A rotina apura o meu olhar para poesia. Teoria da física: o movimento de velocidade contínua é também inerte, pois é na variação que a dinâmica se dá. Se minha vida atinge uma velocidade e ali se mantém, a inércia abre as portas da percepção e libera o ânimo para olhar a paisagem.

(...)

Decidi ser artista para ter um desafio novo a cada dia. Consegui o que queria. Na verdade eu poderia dizer que desde os 20 anos eu estou sofrendo de uma overdose de desafios, com raros momentos de exceção. Nesses instantes de pausa, o corpo nem sabia bem o que fazer com tamanha tranquilidade e terminou por adoecer de dores pra dentro e pra fora. Carro de corrida projetado para vôos em solo, meu espírito nunca sabe como se portar quando o condutor deseja apenas passeios dominicais em uma arborizada rua local. 

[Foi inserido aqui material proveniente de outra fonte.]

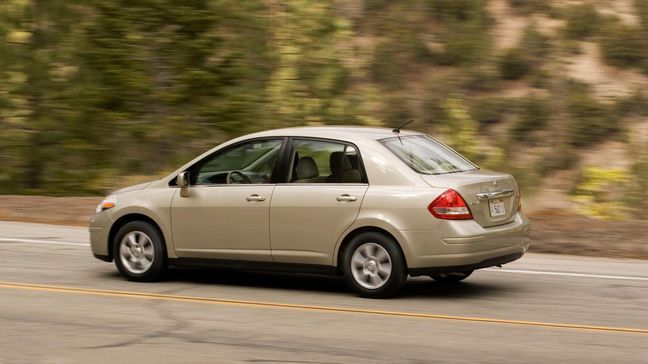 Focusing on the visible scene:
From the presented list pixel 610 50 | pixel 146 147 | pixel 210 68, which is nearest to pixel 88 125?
pixel 146 147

Mas eis que, a rotina, ela me distrai. A tranquilidade em movimento é como a paisagem da infância a passar pela janela do carro da família, num fluxo tão veloz quanto constante, tudo tão interessante e monótono que mal dava pra ver quando já estávamos desembarcando em terras do sul.

Preciso de rotina. Para poder sobreviver ao disparar, estancar, respirar, re-disparar, preciso de alguma monotonia. Para que a poesia retorne, para que o corpo se ajuste, para a respiração voltar ao normal.

Atenção ao passo, então!

quinta-feira, 12 de abril de 2012

Da série REFLEXÕES POÉTICAS: Pré-aniversário

Quando eu era pequena, eu achava uma coisa MEGA chique uma pessoa pegar uma pasta tipo executivo e sair para uma reunião. Achava mesmo o alto do chiquê qualquer reunião; na minha cabeça consistia em um monte de gente em torno de uma mesa comprida achando soluções incríveis que seriam executadas por outras pessoas mandadas por elas.

(Meu mundo imaginário sempre foi meu playground particular...)

Achava chique também carimbo; alguém pegar um carimbo com seu nome e profissão, bater em um papel e assinar por cima, ai, achava o máximo do ser importante!

Achava 'A' coisa também uma pessoa passar um cheque. Como assim?! Um pedaço de papel que vale dinheiro, e que permite que você pague coisas caras com aquilo. Uau! Adorava.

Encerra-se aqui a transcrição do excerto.